A wide range of formats exists for the storage of audio information, which can be broadly divided into two categories: lossless formats, which preserve the entirety of the original data, and lossy formats, which achieve compression by discarding certain portions of the information [ 2 ]. One of the most well-known, widespread, and technically straightforward lossless formats is WAV (Waveform Audio File) [3]. In this representation, the audio signal is stored as a sequence of discrete samples of the amplitude of the sound wave. To produce such a representation, the audio signal is measured at regular intervals in time, with each recorded value rounded to the nearest available level from a discrete set. The number of available levels is determined by the bit depth (e.g., 16-bit), while the frequency of these measurements is referred to as the sampling rate. This form of representation is often termed a waveform.
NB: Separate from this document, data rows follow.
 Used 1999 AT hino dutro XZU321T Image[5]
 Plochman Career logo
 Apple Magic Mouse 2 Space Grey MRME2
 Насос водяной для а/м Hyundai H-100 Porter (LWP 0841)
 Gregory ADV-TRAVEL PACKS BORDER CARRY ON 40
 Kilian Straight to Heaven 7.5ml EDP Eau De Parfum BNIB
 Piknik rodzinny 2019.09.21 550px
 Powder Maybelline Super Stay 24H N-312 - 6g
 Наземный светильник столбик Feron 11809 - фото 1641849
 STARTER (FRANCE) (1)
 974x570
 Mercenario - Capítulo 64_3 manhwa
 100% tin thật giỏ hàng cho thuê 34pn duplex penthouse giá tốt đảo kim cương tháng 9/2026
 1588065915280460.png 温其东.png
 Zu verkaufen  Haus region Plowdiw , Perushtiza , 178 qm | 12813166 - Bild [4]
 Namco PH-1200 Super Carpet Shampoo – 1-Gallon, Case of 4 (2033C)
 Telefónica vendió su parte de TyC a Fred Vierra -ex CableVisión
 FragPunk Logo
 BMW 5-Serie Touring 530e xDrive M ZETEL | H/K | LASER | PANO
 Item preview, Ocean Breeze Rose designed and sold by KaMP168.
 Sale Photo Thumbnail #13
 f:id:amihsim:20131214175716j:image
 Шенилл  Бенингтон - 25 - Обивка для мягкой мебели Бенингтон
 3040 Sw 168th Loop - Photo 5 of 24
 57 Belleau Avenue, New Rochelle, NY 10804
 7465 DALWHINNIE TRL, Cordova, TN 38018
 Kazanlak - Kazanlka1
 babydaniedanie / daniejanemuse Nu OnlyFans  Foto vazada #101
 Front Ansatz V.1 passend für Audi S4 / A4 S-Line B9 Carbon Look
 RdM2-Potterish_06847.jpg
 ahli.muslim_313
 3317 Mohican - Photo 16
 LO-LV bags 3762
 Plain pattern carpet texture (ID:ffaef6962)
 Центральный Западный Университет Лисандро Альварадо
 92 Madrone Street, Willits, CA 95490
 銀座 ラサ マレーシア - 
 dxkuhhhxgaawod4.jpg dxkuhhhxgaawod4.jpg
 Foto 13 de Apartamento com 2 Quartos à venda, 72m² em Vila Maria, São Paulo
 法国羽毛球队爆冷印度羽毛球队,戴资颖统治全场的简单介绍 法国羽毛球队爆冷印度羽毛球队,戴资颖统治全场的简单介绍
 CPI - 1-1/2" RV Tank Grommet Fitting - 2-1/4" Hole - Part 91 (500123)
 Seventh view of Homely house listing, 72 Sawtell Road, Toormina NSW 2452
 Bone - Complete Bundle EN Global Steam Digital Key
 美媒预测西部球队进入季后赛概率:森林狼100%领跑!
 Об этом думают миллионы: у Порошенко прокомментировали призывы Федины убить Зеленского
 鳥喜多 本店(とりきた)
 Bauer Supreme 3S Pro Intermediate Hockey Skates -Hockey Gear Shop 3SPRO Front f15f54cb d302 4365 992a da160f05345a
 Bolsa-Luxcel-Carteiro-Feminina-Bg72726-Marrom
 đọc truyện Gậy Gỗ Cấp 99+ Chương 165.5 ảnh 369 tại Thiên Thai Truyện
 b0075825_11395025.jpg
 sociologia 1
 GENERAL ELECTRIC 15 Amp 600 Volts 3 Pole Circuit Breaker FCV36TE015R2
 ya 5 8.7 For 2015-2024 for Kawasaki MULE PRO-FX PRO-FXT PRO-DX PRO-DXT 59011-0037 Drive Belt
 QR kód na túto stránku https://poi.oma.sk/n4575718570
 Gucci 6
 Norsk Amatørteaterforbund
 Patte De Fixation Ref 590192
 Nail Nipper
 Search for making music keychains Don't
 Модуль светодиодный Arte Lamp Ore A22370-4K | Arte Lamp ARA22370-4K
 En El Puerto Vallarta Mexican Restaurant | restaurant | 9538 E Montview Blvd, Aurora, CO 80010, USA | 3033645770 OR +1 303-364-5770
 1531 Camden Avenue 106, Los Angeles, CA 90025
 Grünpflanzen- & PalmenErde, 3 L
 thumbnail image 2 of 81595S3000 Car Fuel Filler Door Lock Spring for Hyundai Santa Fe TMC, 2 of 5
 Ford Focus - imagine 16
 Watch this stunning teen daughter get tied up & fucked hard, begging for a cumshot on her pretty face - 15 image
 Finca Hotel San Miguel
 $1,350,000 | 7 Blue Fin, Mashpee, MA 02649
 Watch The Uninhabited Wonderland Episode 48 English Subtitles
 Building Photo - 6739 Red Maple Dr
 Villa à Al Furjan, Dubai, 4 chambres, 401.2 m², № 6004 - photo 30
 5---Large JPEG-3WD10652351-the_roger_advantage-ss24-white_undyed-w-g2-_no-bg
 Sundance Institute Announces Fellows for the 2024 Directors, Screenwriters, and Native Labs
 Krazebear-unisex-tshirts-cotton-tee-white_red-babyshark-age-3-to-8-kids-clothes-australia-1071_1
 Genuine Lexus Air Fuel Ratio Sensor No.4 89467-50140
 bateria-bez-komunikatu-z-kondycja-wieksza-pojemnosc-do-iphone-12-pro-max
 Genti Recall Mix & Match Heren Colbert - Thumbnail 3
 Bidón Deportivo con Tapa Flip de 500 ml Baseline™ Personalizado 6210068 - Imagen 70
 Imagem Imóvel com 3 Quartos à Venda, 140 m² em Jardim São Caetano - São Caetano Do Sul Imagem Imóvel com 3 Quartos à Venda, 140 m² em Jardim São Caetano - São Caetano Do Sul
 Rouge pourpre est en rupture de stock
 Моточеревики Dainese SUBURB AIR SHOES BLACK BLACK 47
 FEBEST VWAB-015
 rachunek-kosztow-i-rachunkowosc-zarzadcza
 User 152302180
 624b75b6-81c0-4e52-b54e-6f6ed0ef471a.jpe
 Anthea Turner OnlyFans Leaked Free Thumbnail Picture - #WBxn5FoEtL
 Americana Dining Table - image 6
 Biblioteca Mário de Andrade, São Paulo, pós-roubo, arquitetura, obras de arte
In contrast, the most widely used lossy format for audio storage is MP3 (formally, MPEG-1 Audio Layer III or MPEG-2 Audio Layer III), which gained global popularity due to its ability to drastically reduce file size by leveraging psychoacoustic models [ 4]. The underlying algorithm analyzes the audio signal and selectively discards components that are imperceptible to the human auditory system, while encoding the remaining content with relatively minor perceptual loss.

This principle can be applied to optimize the transmission of audio between devices: compressing the signal on one device, transmitting the reduced data, and subsequently reconstructing it on the receiving device. It should be noted, however, that the problem of signal recovery in the presence of packet loss during transmission remains a critical aspect of ensuring communication reliability.

The aim of this study is to develop a neural network to validate the feasibility of employing this approach for restoring the quality of audio after compression. Furthermore, the research seeks to compare the performance of several neural network architectures and to identify the one most suitable for addressing the problem of post-decompression audio quality restoration.

This paper should be regarded as both an introduction to the research area and it is structured as follows: • Section 3 presents the dataset employed in the study, along with the details of its preprocessing. • Section 4 describes the configuration and application of Linear Neural Networks for addressing the defined tasks. • Section 5 outlines the setup and utilization of Convolutional Neural Networks (CNNs) for solving the proposed problems. • Section 6 details the configuration and use of the UNet model in the context of the study objectives. • Section 7 provides a comparative analysis of the obtained results.

2. Related Work

Prior to the widespread adoption of neural networks for audio processing, a variety of methods and conceptual approaches were proposed to address the problem of restoring degraded audio quality.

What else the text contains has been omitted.